Kegiatan yang berlangsung di Kantor BPHN Kementerian Hukum tersebut dilaksanakan dalam rangka memperkuat pengelolaan dan optimalisasi pelaksanaan JDIH di wilayah Maluku Utara agar semakin tertib, terintegrasi, dan mudah diakses oleh masyarakat.
Pertemuan tersebut dilaksanakan bersama Kepala Pusat Layanan Literasi Hukum dan Pembinaan Jaringan Dokumentasi dan Informasi Hukum Nasional, Machyudhie, beserta jajaran. Dalam koordinasi tersebut dibahas sejumlah hal strategis terkait pelaksanaan dan pelaporan e-Report JDIH, termasuk optimalisasi penginputan data dan publikasi produk hukum daerah.
Selain itu, dibahas pula berbagai kendala yang masih dihadapi anggota JDIH di wilayah Maluku Utara, di antaranya keterlambatan penginputan data, belum optimalnya pemenuhan dokumen pendukung, serta keterbatasan sumber daya manusia pengelola JDIH pada beberapa daerah.
Dalam pembahasan tersebut, BPHN mendorong peningkatan koordinasi dan pendampingan teknis secara berkala kepada anggota JDIH di daerah. Optimalisasi pemanfaatan aplikasi e-Report JDIH juga menjadi perhatian penting guna memastikan proses pelaporan berjalan tepat waktu dan sesuai ketentuan. Selain itu, penguatan kapasitas pengelola JDIH melalui kegiatan pembinaan dan monitoring berkelanjutan dinilai menjadi langkah strategis dalam meningkatkan kualitas pengelolaan JDIH di wilayah.
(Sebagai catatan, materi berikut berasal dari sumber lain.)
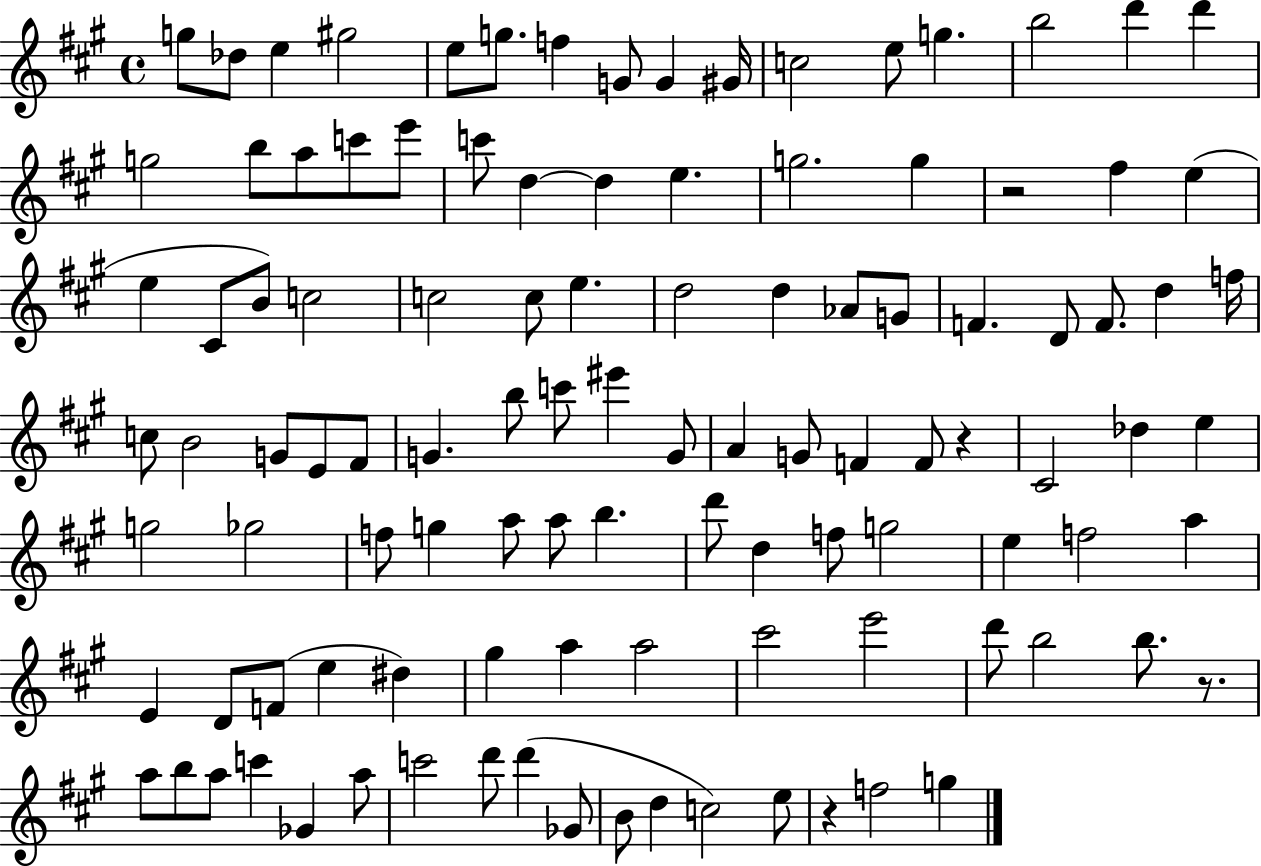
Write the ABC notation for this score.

X:1
T:Untitled
M:4/4
L:1/4
K:A
g/2 _d/2 e ^g2 e/2 g/2 f G/2 G ^G/4 c2 e/2 g b2 d' d' g2 b/2 a/2 c'/2 e'/2 c'/2 d d e g2 g z2 ^f e e ^C/2 B/2 c2 c2 c/2 e d2 d _A/2 G/2 F D/2 F/2 d f/4 c/2 B2 G/2 E/2 ^F/2 G b/2 c'/2 ^e' G/2 A G/2 F F/2 z ^C2 _d e g2 _g2 f/2 g a/2 a/2 b d'/2 d f/2 g2 e f2 a E D/2 F/2 e ^d ^g a a2 ^c'2 e'2 d'/2 b2 b/2 z/2 a/2 b/2 a/2 c' _G a/2 c'2 d'/2 d' _G/2 B/2 d c2 e/2 z f2 g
Kepala Kantor Wilayah Kemenkum Malut, Budi Argap Situngkir (BAS), menyampaikan dukungannya terhadap penguatan sinergi antara Kanwil Kemenkum Malut dengan BPHN dalam mendukung optimalisasi pengelolaan JDIH di daerah. Menurutnya, JDIH memiliki peran penting dalam mendukung keterbukaan informasi hukum dan pembangunan sistem dokumentasi hukum yang tertib, terintegrasi, dan mudah diakses masyarakat.
“Kanwil Kemenkum Malut terus mendorong penguatan pengelolaan JDIH di seluruh wilayah Maluku Utara melalui pendampingan, monitoring, dan koordinasi aktif dengan pemerintah daerah maupun anggota JDIH. Hal ini penting untuk memastikan pelayanan informasi hukum dapat berjalan optimal dan memberikan manfaat bagi masyarakat,” ujar Argap Situngkir.
Ia juga menegaskan bahwa penguatan JDIH merupakan bagian dari upaya mendukung transformasi layanan hukum berbasis digital serta meningkatkan kualitas tata kelola dokumentasi hukum di daerah.
Melalui kegiatan koordinasi dan konsultasi ini, diharapkan terjalin penguatan sinergi antara Kanwil Kemenkum Malut dan BPHN dalam mendukung optimalisasi pengelolaan JDIH di wilayah Maluku Utara, termasuk peningkatan kualitas pelaporan e-Report JDIH, penguatan kapasitas pengelola, dan publikasi produk hukum daerah secara lebih efektif dan berkelanjutan.